The bill was passed after Charlotte, North Carolina, had already passed an ordinance for anti-discrimination laws, which granted gay and transgender people protection in places of public accommodation. That ordinance was supposed to go into effect April 1, but it did not. Now house bill two has passed, which not only repeals the Charlotte ordinance, it creates an inability to expand public accommodation protections based on sexual orientation or gender identity.
Supporters of HB2 say it keeps girls safe in public restrooms. There are 18 other states which have the protections for gay and transgender people. So the argument regarding safety is off-base. Transgender people have typically been working their entire life to be seen as the sex they identify with, they have gone through a process that involves a lot of legal documents and a tough time in school for those starting at a young age. With all of that work put in, they aren’t going through the process for years at a time just to go into a bathroom and grab someone. They’re going to a public restroom because they, like everyone else on the planet, have bodily functions that need to be taken care of.

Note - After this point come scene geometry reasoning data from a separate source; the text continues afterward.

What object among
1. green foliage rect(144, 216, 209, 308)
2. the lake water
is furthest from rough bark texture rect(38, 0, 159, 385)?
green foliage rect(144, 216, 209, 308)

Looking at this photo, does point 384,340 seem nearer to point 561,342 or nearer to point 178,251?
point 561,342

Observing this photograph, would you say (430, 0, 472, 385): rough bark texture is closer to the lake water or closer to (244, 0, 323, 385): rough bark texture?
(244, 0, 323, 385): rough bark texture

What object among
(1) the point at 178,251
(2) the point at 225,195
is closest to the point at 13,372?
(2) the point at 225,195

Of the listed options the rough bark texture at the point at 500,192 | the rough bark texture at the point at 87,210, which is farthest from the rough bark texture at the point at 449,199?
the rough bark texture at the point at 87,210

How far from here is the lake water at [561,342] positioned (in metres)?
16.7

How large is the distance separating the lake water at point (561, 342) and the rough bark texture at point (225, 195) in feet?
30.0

A secondary argument that may seem a bit obvious… what fully grown man is actually going to be able to pass for a woman? Also, not many parents let their children go to the bathroom unattended. There are just as many dangers to being in a public restroom with people born of the same sex as there are for people who identify as the same sex.
The law passed says that the sex listed on the birth certificate mitigates which bathroom will be used so I have to ask: who carries their birth certificate around in their pocket? No one. While on the topic, supporters should consider that if a woman is born and decides at a young age that she identifies as a man, she will then go through the process to allow the world to see her the way she does. He becomes the man he has always seen in the mirror, but in the legal struggle that is the American judicial system, he cannot get his birth certificate changed. Now he is at the age of 25 and stands at 6’2” with a full beard and muscles; however, because his birth certificate still reflects female he gets to walk into a women’s restroom and everyone, himself included, gets to feel awkward.
It’s also important to note that some states (Tennessee, for instance) do not allow transgender residents to change their birth certificate, at all under any circumstances. According to transequality.org though, North Carolina does allow those who have completed the full sex-change procedure and have signed forms from physicians, to change their birth certificate.
This legislation offends many, when it’s observed closely it’s blatant discrimination and it has caused a decrease in revenue for North Carolina that is very obvious. If North Carolina does not repeal their decision, what message will be given to other states? Does the bathroom bill have good intentions or is it hate-centered? Are we really in 2016 if people still cannot pee in peace?